There have been a couple of cynical attempts at getting an autonomous racing series off the ground. Likely the most well-known of them is Roborace, which kicked off in 2017 and died an ignominious death in 2022 after failing to actually, you know, race.

Image: Wikimedia

There were many things that Roborace got wrong, but one thing it did get right was building a car that actually looked like the future. The first generation of Robocar looked like an open wheel racer without a cockpit, which is exactly what it should be. Who needs a place for a driver to sit when these cars are intended to be driverless from the outset? If the racing isn’t going to be fast, and there aren’t any drivers to give the series personality, at least make the cars look interesting.

While self-driving technology has likely improved a bit since the 2020 incident which saw a single car wreck itself within the first three seconds of a live event, I don’t think it’ll ever catch on with fans. And there are three main reasons for that.

What Happened to RoboRace???

1. Autonomous Driving Is A Dead End

Automakers and tech nerds have been promising autonomous driving technology for much longer than I’ve been alive, and they’ll keep promising it long after I’m dead, but I’m convinced a car without a steering wheel won’t be practical in the lifetime of anyone reading this. There are way too many variables on a road for all driving to be taken over by computers. You can’t plan for every scenario, and it’s the edge cases where things get dangerous. Our roads are too terrible, too varied, and too unpredictable to ever fully concede the steering wheel to a robot.

2. Autonomous Racing Is Boring As Hell

Racing has a similar issue. While the circuit itself is easily predictable, and you can write algorithms to predict tire wear or weather-related traction, the true speed is often found by intuition. Is there enough computing power in the algorithm to know the exact moment to change to rain tires, or to save fuel, or to take advantage of a change in wind direction or cloud cover? Can a robot dig deep to find a hero lap?

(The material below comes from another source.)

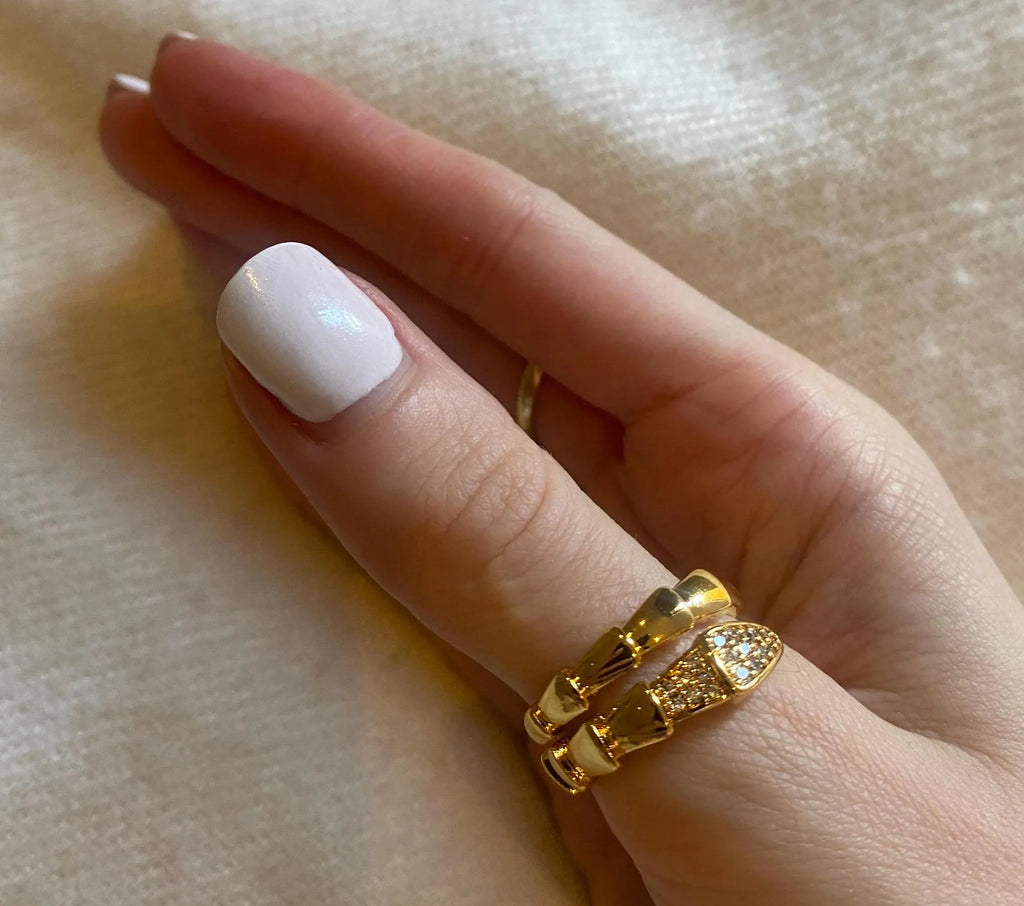 Gold Plated CZ Gemstone Serpent Ring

So far the autonomous racing cars have been slow and unsure of themselves. They have done the same thing that lane keep assist technology did circa 2012, bouncing back and forth between the left and right hand lane lines. The cars themselves shake their invisible heads no, and racing fans followed right along with the same motion. It didn’t, won’t, and will never catch on.

3. Nobody Actually Wants To Watch Perfection

The best racing in the world is never about who can be the most perfect in the perfect conditions with the perfect car. To me, the best racing happens when someone finds a way to overcome adversity and push past the competition anyway. The mistakes are always the best part, because they show the reality of the thing. If a piece of computer code can calculate the fastest way around a track and do that exact same lap fifty times, where’s the fun in that?

Did anyone actually have fun watching Max Verstappen last year? Shit, maybe I’m wrong. Maybe Max Verstappen fans would love autonomous racing.


The Abu Dhabi Autonomous Racing League, confusingly calling itself A2RL, is a half-assed attempt at bringing autonomous racing to the world. The series uses an existing Dallara Super Formula chassis, which itself is a competent and fast racing car built for the Japanese series. These cars, with human drivers, are incredibly fast, capable of nearly F1-level lap times. A2RL doesn’t mention anything about the engines in the back of their spec Dallara chassis, but in Super Formula the teams can choose between Toyota or Honda 2-liter turbocharged four-cylinder race engines making around 550 horsepower.

Allegedly the car has completed a full week of autonomous testing at the Yas Marina circuit, and ten cars from teams around the world will have acces to the track for two weeks in the lead up to the series’ first race. These teams will then compete in a series of trials on April 28th to determine the series’ first champion.

I don’t see this one catching on. If it does, I’ll commit myself to eating one entire Dallara SF23 chassis. The series championship-winning team can choose to garnish it with a Honda Racing HR-417E or a Toyota TRD-01F engine, as they see fit.